Beat the eggs lightly, until thoroughly mixed but not frothy. Skim off any froth. Combine the stock mixture, wine, and soy, then add to the eggs in a thin stream, stirring lightly to blend. Add the salt gradually, stirring lightly and tasting, until you have added enough. Add a dash of pepper, if desired. Be caring not to beat the mixture, as excess foam or bubbles will result in a custard with holes.

Once blended, strain the egg mixture through a fine sieve to trap all the googly egg bits.

Distribute the drained clams and the scallion rings or chives among the individual cups, then pour in the egg mixture to within Vi inch of the lip. Cover the cups with their own lids or with aluminum foil to keep out condensation, then arrange them on a large steaming rack.

Complete the preparations just before steaming the custards. Do not let the mixture sit.

Steaming the custards

(For details on steaming and how to improvise a steamer.)
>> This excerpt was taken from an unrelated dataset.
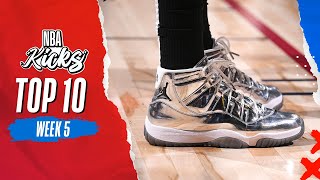 The BEST Sneakers in the NBA  NBAKicks  Week 5 [upl. by Jurdi442]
Bring the water in the steaming vessel to a gushing boil over high heat, then reduce the heat to medium or thereabouts to maintain a steady, gentle steam. Add the steamer rack with the covered cups, cover the steamer, and steam the custard undisturbed for 20–25 minutes. Do not peek at the custard until the time is nearly up, and expect it to look soupy until the final minutes of steaming. The custard is done when a knife or toothpick inserted in the center comes out clean. Do not worry if it seems slightly loose; that is the character of the dish.

Serve the custard hot. I like to eat it with Chinese porcelain spoons, which, like the custard, feel deliciously slippery on the tongue.